Oblivion is Tom Cruise’s latest sci-fi film which seems him as Jack, a man left behind on a scorched earth to mine for resources for the new home of the humans on Titan. He is stationed with Victoria who are the last humans left on Earth protecting their machines from what is left over from the invading alien forces.
First I have to say that this movie is a technical marvel. It looks and sounds fantastic. The sound design is flawless with some unique noises coming from the ships and drones, and even just the sound mixing in general, whether its wind or rocket blasts, is great.
The visuals are awesome. Seeing the ruins of earth after 60 years looks different than how we are used to seeing it, providing us with some wonderful images, like the top of the Empire State building peaking out f a sand dune and even the moon being destroyed but with its debris still held in orbit. There are some great flares of cinematography as well, making this a treat to watch for both sight and sound.
Oblivion, while being unique in its own right in some ways, also borrows from a lot of other science fiction classics.

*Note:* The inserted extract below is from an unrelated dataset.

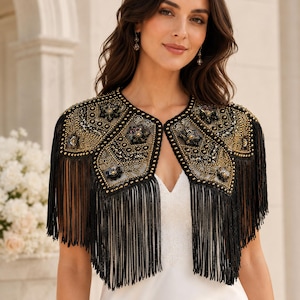 Puede incluir: Una chaqueta bolero negra con intrincados abalorios dorados y negros, lentejuelas y bordados florales sobre una base de malla transparente. La prenda está rematada con largos flecos negros colgantes en los bordes y un escote abierto redondeado.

There are elements and imagery taken from WallE, Moon, 2001, and even the ending is reminiscent of Independence Day. Heck, I even got a sense of Planet of the Apes when Jack was told to explore the radiation zone. I half expected the one guy to ask Morgan Freeman “What will he find out there Doctor?”
Now, all of these references could be okay if they are meant more as homages, but in order for that to work the movie has to have its own modicum of originality. Luckily this story has its own twisty, turny plot that is enough to keep you interested, but I do question how original it is.
To be honest, I wish that this movie would have been a little more ambitious with its goal or message. I felt that although the plot was interesting and the mystery of it all did have me wondering the whole time through, the film could have reached for a little more thematically. There was a sense of a theme of saving the best of humanity with the cabin and the idea of the books, but the movie never actually explored that concept much beyond surface level. I wonder if focusing on something like that would have made this a richer, better film.
Now, perhaps that is based more on my expectations, or perhaps on my desire to have another truly great science fiction film on our hands again. Nonetheless, despite being pieced together from other sci-fi concepts, the story still flows well as a whole and is certainly interesting. The visual look great and feel authentic, and the sound mixing is great, making this a worthwhile summer watch, though probably wont make any sci-fi pantheons.